La misura ordinaria del necessario è il possesso equilibrato, sobrio, parsimonioso, che basti al vivere e consenta anche la carità, sapendo peraltro che la misura della carità è il bisogno dell’altro (Paolo VI). La storia della Chiesa è ricca di dibattiti a questo proposito: “Quale ricco mai si salverà?”, scriveva a commento della frase evangelica san Giovanni Crisostomo; “Sorella povertà” gridava san Francesco d’Assisi; voto di “povertà, castità, obbedienza” chiede la Chiesa ai sacerdoti e ai consacrati per essere liberi e testimonianti nel loro servizio. D’altra parte le parole di Gesù sono inequivocabili: “Difficilmente un ricco entrerà nel regno dei cieli. Ve lo ripeto: è più facile che un cammello passi per la cruna di un ago, che un ricco entri nel regno di Dio!” (Mt 19,23-24).

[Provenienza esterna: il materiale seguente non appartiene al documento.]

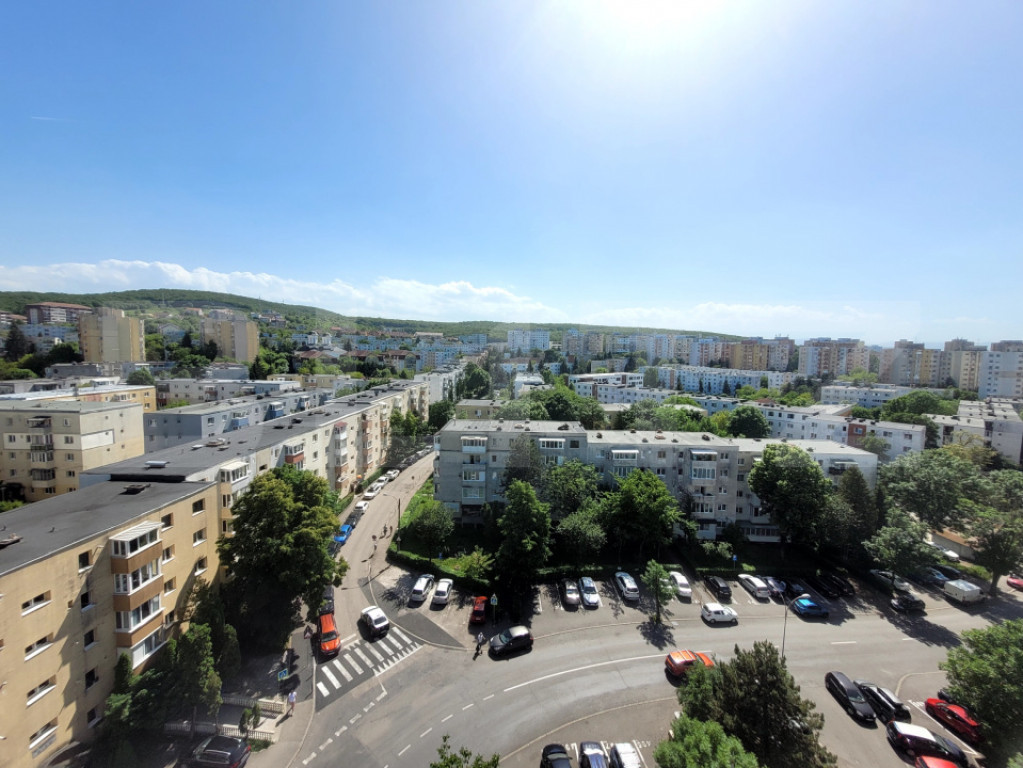 Apartament cu 2 camere, decomandate, parcare, zona Big/Manas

È dalla povertà cristianamente intesa, e quindi fatta anche di sobrietà e di parsimonia di possesso, che nasce l’autentica libertà. Il nodo problematico che presentano questa volta a Gesù è una disputa su un’eredità, disputa che vuol coprire in realtà comportamenti di bramosia e cupidigia di possesso. Gesù ovviamente non può essere interessato a questi problemi apparentemente giuridici, ma in realtà cupidinosi.. E lo fa notare con il realismo della vita, parlando dell’arricchito che fa costruire grandi silos per le granaglie accumulate, dicendo poi a se stesso: “Adesso mangia, bevi e datti alla pazza gioia”. Senonché quella stessa notte morì. E tutto il tesoro accumulato a che è servito? Giustamente Gesù conclude: “Così succederà a chi accumula tesori per sé, ma non arricchisce davanti a Dio”. Con la morte, infatti, si lascia tutto, assolutamente tutto: conti in banca, palazzi, quote azionarie ecc., che dinanzi a Dio sarebbero valsi a qualcosa se fossero stati divisi con i poveri o usati a fin di bene. Così serviranno solo agli scialacquatori.

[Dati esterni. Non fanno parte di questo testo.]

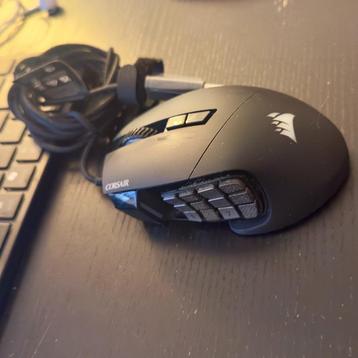 CORSAIR SCIMITAR RGB ELITE Gaming Mouse beschikbaar voor biedingen
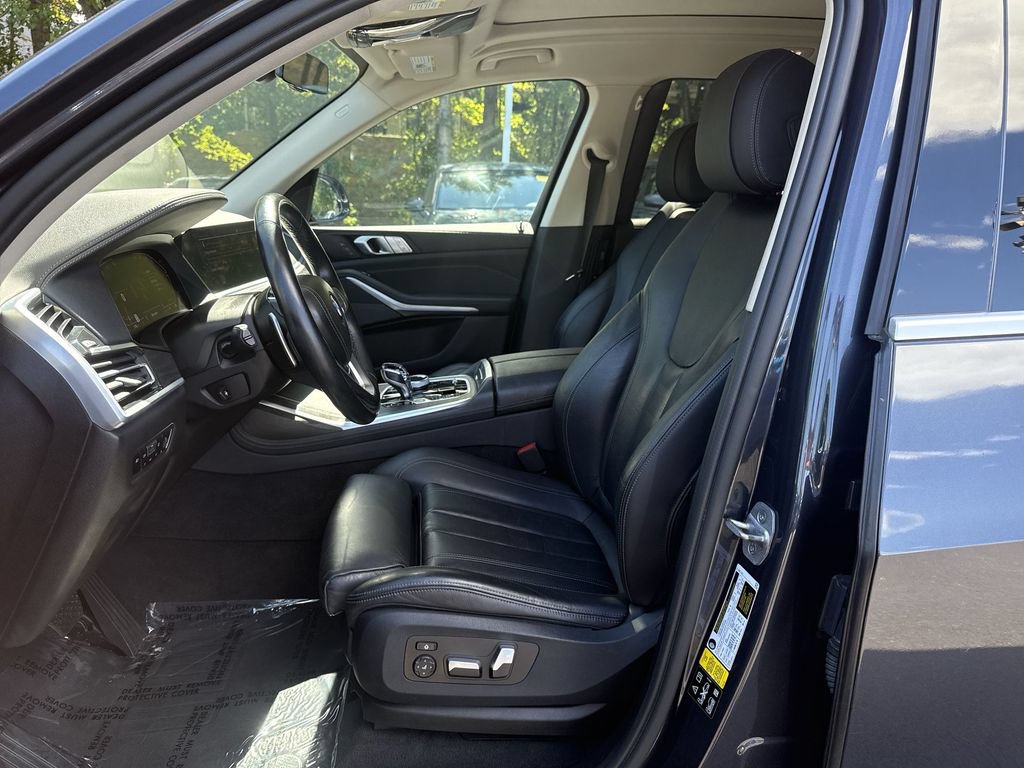Used 2021 BMW X7 xDrive40i w/ Executive Package AWD/4WD image 13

Gesù invece ci invita ad investire le ricchezze, anche legittimamente accumulate nella banca del cielo: non solo sono più sicure, ma “fruttano” di più (Mt 19,21). Si rilegga con attenzione, a questo proposito, il libro del Qohelet, che solitamente tutti giudicano come riflessioni d’un pessimista! Eppure non è così, trattandosi solo d’un realista che, semmai, non sembra conoscere le buone regole di società. Potremmo anche scorrere il Salmo sapienziale n. 49: “Periranno insieme lo stolto e l’insensato, e lasceranno ad altri le loro ricchezze. Non temere se un uomo arricchisce, se aumenta la gloria della sua casa: quando muore, infatti, con sé non porta nulla, ma scende con lui la sua gloria. Nella prosperità l’uomo non comprende, è simile alle bestie che muoiono”.

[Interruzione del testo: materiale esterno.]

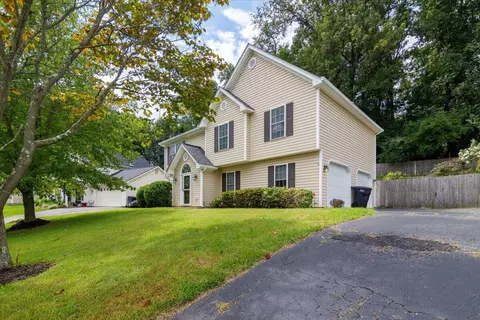 3116 Valley Stream Dr, Roanoke, VA 24014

Queste riflessioni semplicissime sono un po’ troppo crude per la nostra sensibilità; ma c’è bisogno anche di questi scossoni, che peraltro Gesù stesso ha fatto più volte, per richiamarci a vita più seria. Anche il Siracide biblico ci ricorda realisticamente: Memorare novissima tua et non peccabis, “In ogni cosa pensa al tuo ultimo destino, e non sceglierai il male” (Sir 7,36). In talune chiese medievali sulla parete di controfacciata sono raffigurati proprio i “novissimi” (morte, giudizio, inferno, paradiso, cioè le ultimissime faccende da sbrigare nel nostro passaggio al cielo di Dio). E questa era una scelta pedagogica molto importante della Chiesa, per ricordare ad ogni cristiano il fine e la fine della sua esistenza terrena.